The repeal of the TRR Act does not limit the right to work, as the ARTC Program has been replaced by the TRS, which promotes the right to work.

 

An ARTC was a recognised certificate that assisted individuals in gaining work. However, as the TRR Act and ARTC Program increasingly became outdated because of changes in the national VET system, this resulted in the ARTC becoming a certificate that was, over time, increasingly considered to be outdated and recognised by fewer industries and employers. This had the impact of limiting the ability of individuals with ARTCs to gain access to work and further training.

 

The TRS (which replaced the ARTC Program) is designed to provide individuals who possess certain trade skills gained outside a formal apprenticeship or traineeship pathway (including overseas) with a pathway to obtain a skills assessment and recognised qualification for those skills. The TRS ensures the right to work by making successful applicants under the TRS more employable in work they freely choose or accept through the provision of a recognised qualification that is aligned to the national VET system. An Industry Advisory Group (IAG) has been established to provide ongoing industry advice and expertise on skills recognition policy, industry issues and quality assurance to TRA to enhance quality outcomes across TRA’s skills assessment programs (including the TRS). 

 

The repeal of the TRR Act through this Bill is compatible with human rights because it does not limit an individual’s right to work.

 

Conclusion

Schedule 1 is compatible with the human rights and freedoms recognised or declared in the international instruments listed in section 3 of the Human Rights (Parliamentary Scrutiny) Act 2011 .

 

 

SCHEDULE 2

The proposed repeal of the Oil Stewardship Advisory Council does not engage any applicable human rights.

 

Conclusion

Schedule 2 is compatible with the human rights and freedoms recognised or declared in the international instruments listed in section 3 of the Human Rights (Parliamentary Scrutiny) Act 2011 .

 



 

SCHEDULE 3

The proposed repeal of the Product Stewardship Advisory Group does not engage any applicable human rights.

 

Conclusion

Schedule 3 is compatible with the human rights and freedoms recognised or declared in the international instruments listed in section 3 of the Human Rights (Parliamentary Scrutiny) Act 2011 .

 

 

SCHEDULE 4

The proposed repeal of the Advisory Group of the Australian Sports Anti-Doping Authority does not engage any applicable human rights.

 

Conclusion

Schedule 4 is compatible with the human rights and freedoms recognised or declared in the international instruments listed in section 3 of the Human Rights (Parliamentary Scrutiny) Act 2011 .

 

 

SCHEDULE 5

Schedule 5 removes the Plant Breeder’s Rights Advisory Committee from the Plant Breeder’s Rights Act 1994 .  A more flexible, non-statutory mechanism will provide specialised advice on Plant Breeder’s Rights matters.

 

Schedule 5 does not engage any of the applicable rights or freedoms.

 

Conclusion

Schedule 5 is compatible with the human rights and freedoms recognised or declared in the international instruments listed in section 3 of the Human Rights (Parliamentary Scrutiny) Act 2011 .

 

 

SCHEDULE 6

Schedule 6 to this Bill repeals the now inoperative tax exempt infrastructure borrowing concession, and makes related consequential amendments.

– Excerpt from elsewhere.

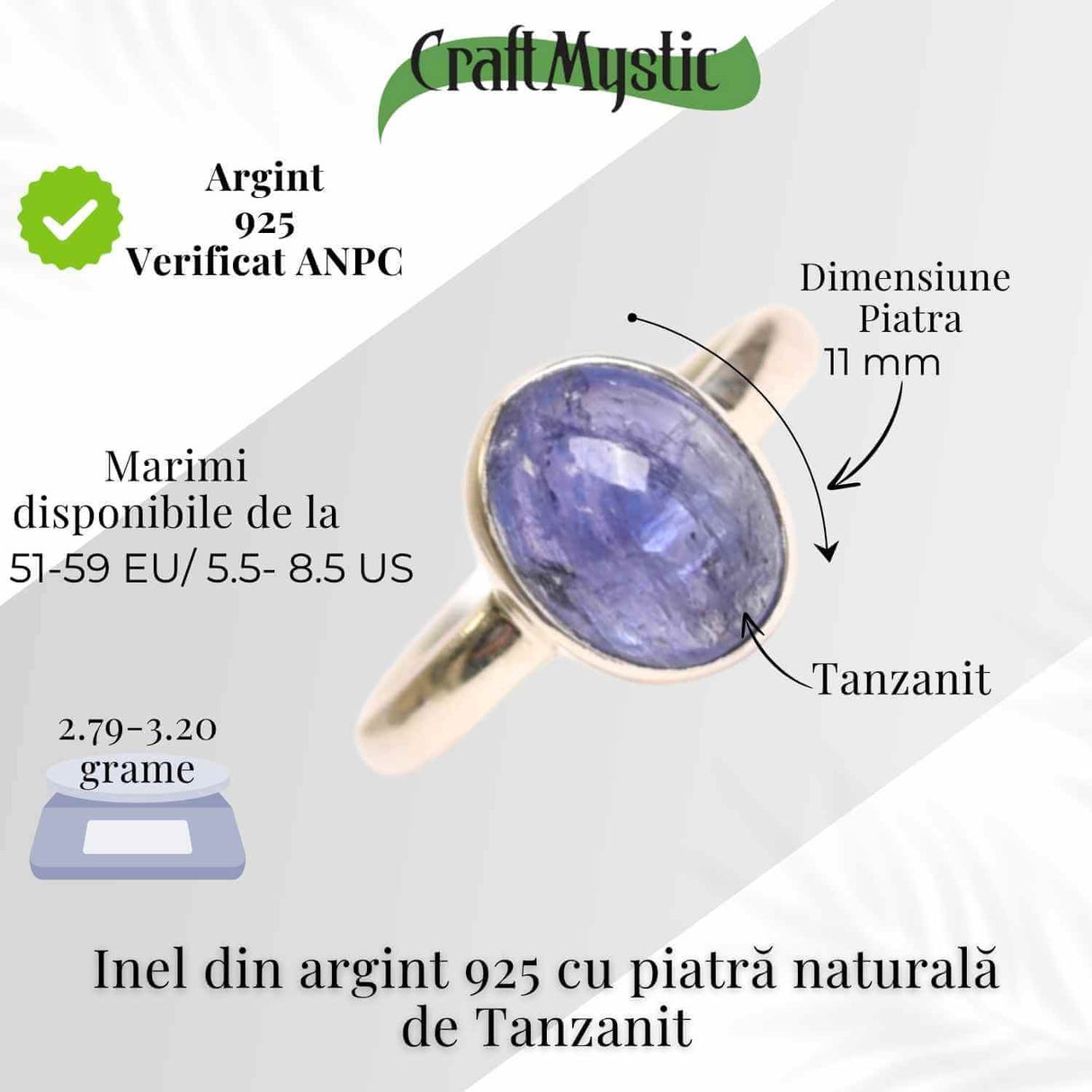 Inel Argint 925 cu Tanzanit Oval - Lumina Intuitiei si Echilibrului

Schedule 6 to this Bill does not engage any of the applicable rights or freedoms. None of the provisions being repealed have any ongoing operative effect.

Conclusion

Schedule 6 is compatible with the human rights and freedoms recognised or declared in the international instruments listed in section 3 of the Human Rights (Parliamentary Scrutiny) Act 2011 .



 

SCHEDULE 7

Corporations and Markets Advisory Committee Abolition

Overview

Schedule 7 to this Bill repeals Part 9 of the Australian Securities and Investments Commission Act 2001 (ASIC Act), which provides for the establishment, functions and operation of the Corporations and Markets Advisory Committee (CAMAC).  In doing so, the agency ceases to exist.

This decision was made in the 2014-15 Budget in the context of the broader Smaller and More Rational Government reforms to reduce the number of Australian Government bodies and streamline the shape of government.

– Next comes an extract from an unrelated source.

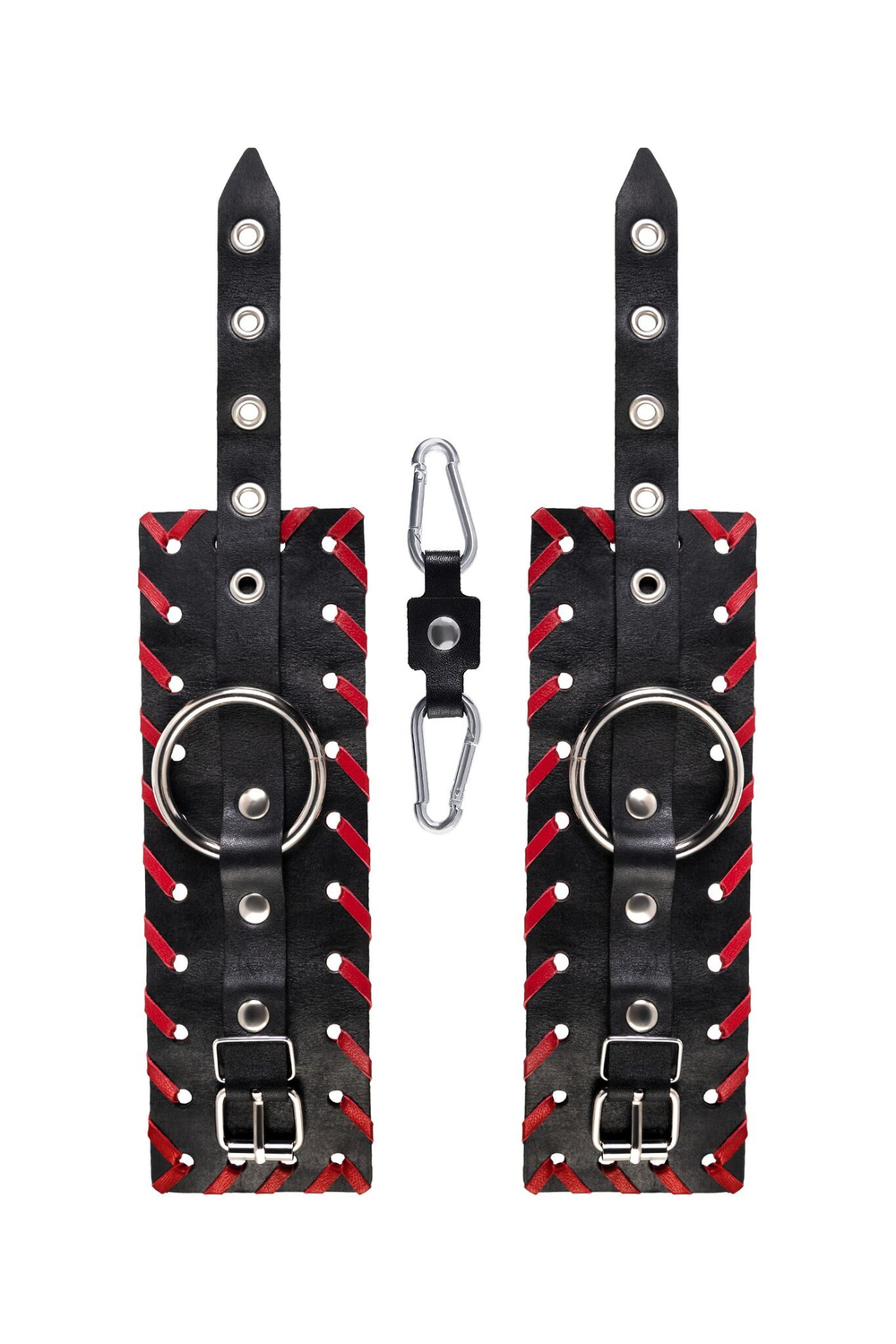 Черно-красные наручники из натуральной кожи (Цвет: черный с красным)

Schedule 7 to this Bill also makes a number of consequential amendments to the ASIC Act as a result of the repeal of Part 9 and provides for the transitional and savings arrangements that are necessary to facilitate the cessation of CAMAC.

Human rights implications

This Bill engages the following human rights:

·          the right to a fair hearing and fair trial in Article 14 of the International Covenant on Civil and Political Rights (ICCPR);

·          the right to an effective remedy in Article 2 of the ICCPR; and

·          the right to privacy in Article 17 of the ICCPR.

Right to a fair hearing and fair trial and right to an effective remedy

Item 18 in Part 2 of Schedule 7 to this Bill (a transitional provision) provides for the Commonwealth to take the place of CAMAC in relation to the operation of any law of the Commonwealth and for the Department of the Treasury (the Treasury) to take the place of CAMAC for the purposes of the Ombudsman Act 1976

By attributing acts of CAMAC to the Commonwealth or to Treasury, this Bill engages the right to a fair hearing and fair trial in Article 14 of the ICCPR and the right to an effective remedy in Article 2 of the ICCPR.  It supports these rights by preserving the capacity for action to be taken in relation to acts of CAMAC, notwithstanding its abolition.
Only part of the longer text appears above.